I feel called to write about one of the greatest figures of the 20th century. She has been an inspiration to me and millions who look for greater and greater ways to serve. She had a moment that changed everything. The “moment” came on September 10, 1946 and the woman’s name is Mother Teresa.

Excerpts from Mother Teresa’s Secret Fire- The Encounter that Changed Her Life And How It can Transform Your Own by Joseph Langford, 2008, Our Sunday Visitor Publishing

Mother Teresa’s moment arrived while on a train to Darjeeling, India. She named this day, “Inspiration Day”.

“Somewhere along the way, Mother Teresa had an extraordinary experience of God. In her characteristic humility, she would refer to this life-changing experience as simply ‘a call within a call’, a call to leave Loreto and go into the slums [of Calcutta]. Only later would she reveal more of what transpired in her soul that September day, and of the extraordinary interior communications during the following year and a half, in which Jesus would commission her to ‘carry him’ and ‘be his light’ in the darkness of Calcutta’s slums.” Pg.21

“..An experience of such power and depth, of such intense ‘light and love’, as she would later describe it, that by the time her train pulled into the station at Darjeeling, she was no longer the same. Though no one knew it at the time, Sister Teresa had just become Mother Teresa.”- pg. 44

I remember learning of her death within a few days after my wife and I had arrived in Colorado, August 1997. I found it so divinely perfect that this humble nun passed away as quietly as she moved through life. Her death and burial was overshadowed by that of Princess Diana's. I have always admired the depth of her humility and hope to grow in its lessons. Mother Teresa did not allow this “Inspiration Day” moment to be spoken of until 1984. It was to be revealed within the context of a reason for her dedication to the poorest of the poor: to quench the divine thirst of God. Human Beings are not the only ones who long for a connection to the divine. The divine longs for a connection with us! A testament to the notion that we are all one disguised as many. Mother Teresa’s mission, which began on September 10, 1946 is best illustrated in her own her words:

“Poverty doesn’t only consist of being hungry for bread, but rather it is a tremendous hunger for human dignity. We need to love and to be somebody for someone else. This is where we denied the poor a piece of bread, but by thinking that they have no worth and leaving them abandoned in the streets, we have denied them the human dignity that is rightfully theirs as children of God. The world today is hungry not only for bread but hungry for love, hungry to be wanted, to be loved.”- Mother Teresa, No Greater Love. p. 93.

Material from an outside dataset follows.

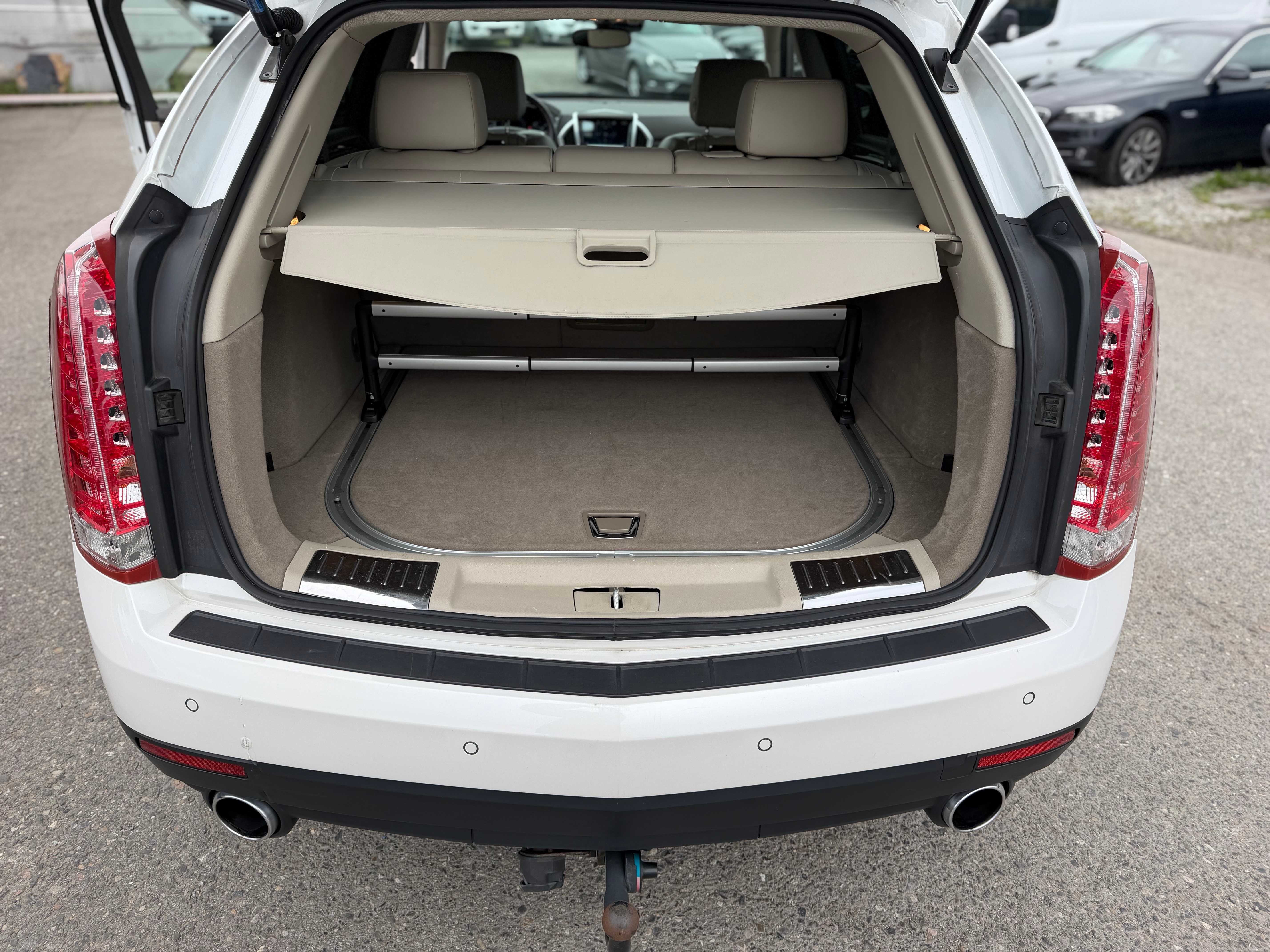 CADILLAC SRX 3.6 V6 Sport Luxury 4WD Automatic — slika 7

The reason I exalt Mother Teresa is because not only did she listen to spirit and obeyed its calling, she did so without regard to the usual barriers human beings put along their path to service. All people, regardless of religion, social class and lifestyle deserve to be loved and cared for. It was a command from her creator. Through the words “I thirst”, the divine conveyed a need for her. The divine conveys the same need for us all.

I have no idea how best to serve. Discovering how best to serve is the bulk of my work. I make people laugh at work with my John Travolta moves, I try to stay positive at home and speak to my daughters about their limitless potential and to have no doubt- Santa will answer their letter. I try to write from my heart ignoring the inner critic who thinks all he is doing is inviting judgement, and help in any way I can. Yet it always feels drastically insufficient. Do I give enough money to charity? Do I volunteer enough of my time? It never feels like enough. My only hope is that I have found a new way to serve-through writing. Mother Teresa consistently did the impossible around the world. She overcame corrupt regimes, wars, political and religious obstacles by focusing on one thing: making the person in front of her feel better. If I can just focus on that and not on meeting Oprah, it will be a purpose driven life indeed.